§ **Task directions**: Please transcribe the listing below in full, exactly as written, leaving out its pictures.

___ Supplied information

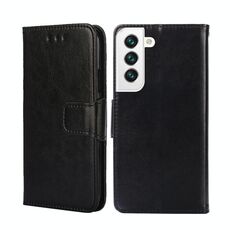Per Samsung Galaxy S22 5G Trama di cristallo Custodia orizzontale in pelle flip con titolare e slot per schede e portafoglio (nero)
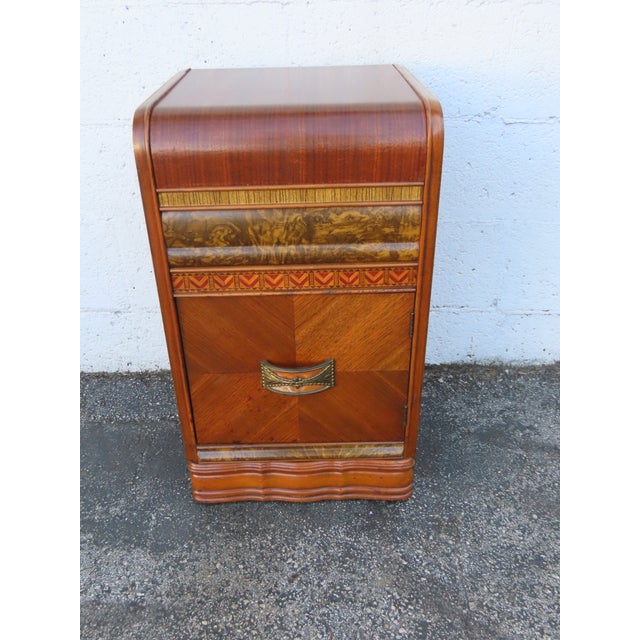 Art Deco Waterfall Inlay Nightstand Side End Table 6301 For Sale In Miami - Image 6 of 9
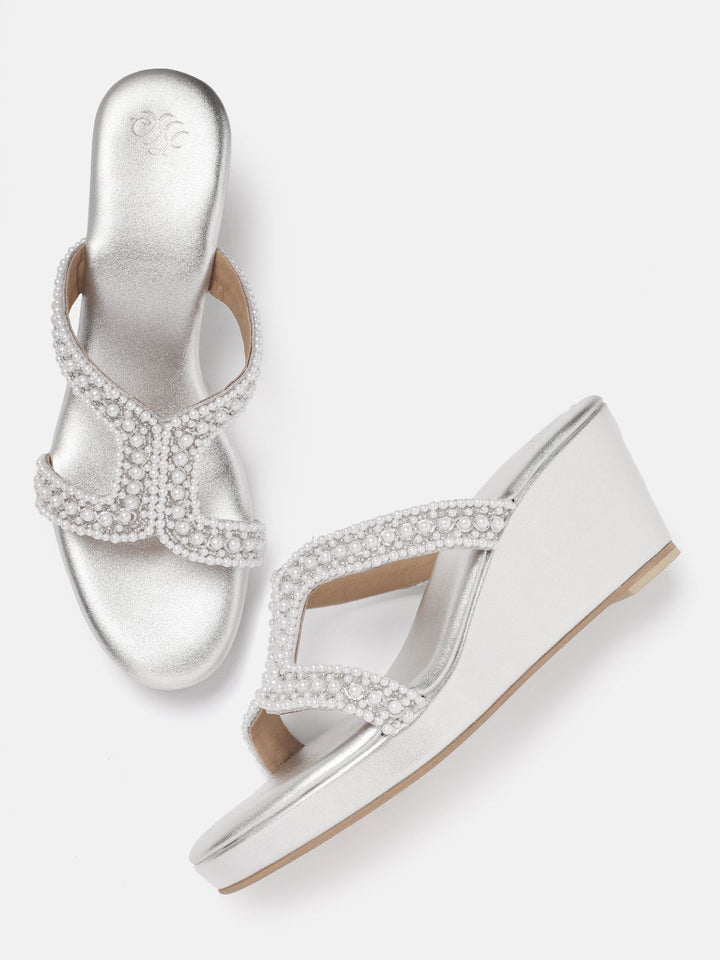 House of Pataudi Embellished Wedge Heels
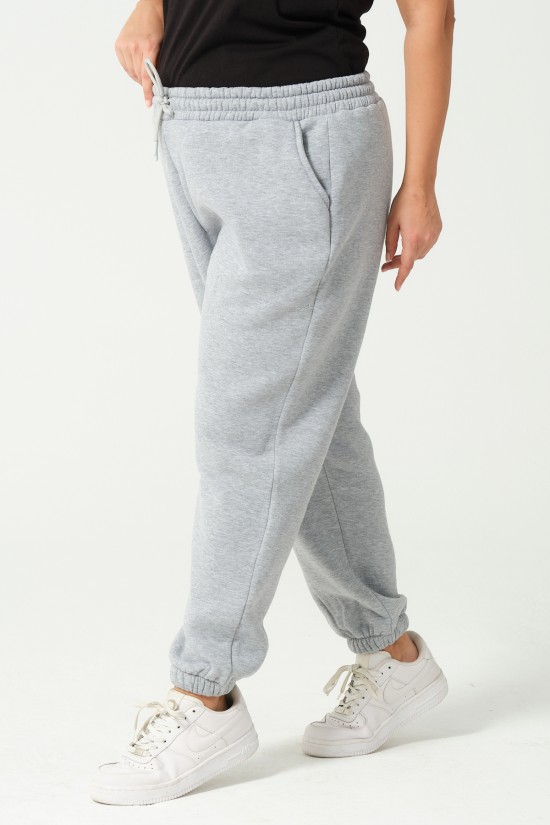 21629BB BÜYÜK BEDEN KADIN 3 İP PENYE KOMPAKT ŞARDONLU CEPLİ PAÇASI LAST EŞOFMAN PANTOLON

______

§ **Response area**:
Per Samsung Galaxy S22 5G Trama di cristallo Custodia orizzontale in pelle flip con titolare e slot per schede e portafoglio (nero)
 Art Deco Waterfall Inlay Nightstand Side End Table 6301 For Sale In Miami - Image 6 of 9
 House of Pataudi Embellished Wedge Heels
 21629BB BÜYÜK BEDEN KADIN 3 İP PENYE KOMPAKT ŞARDONLU CEPLİ PAÇASI LAST EŞOFMAN PANTOLON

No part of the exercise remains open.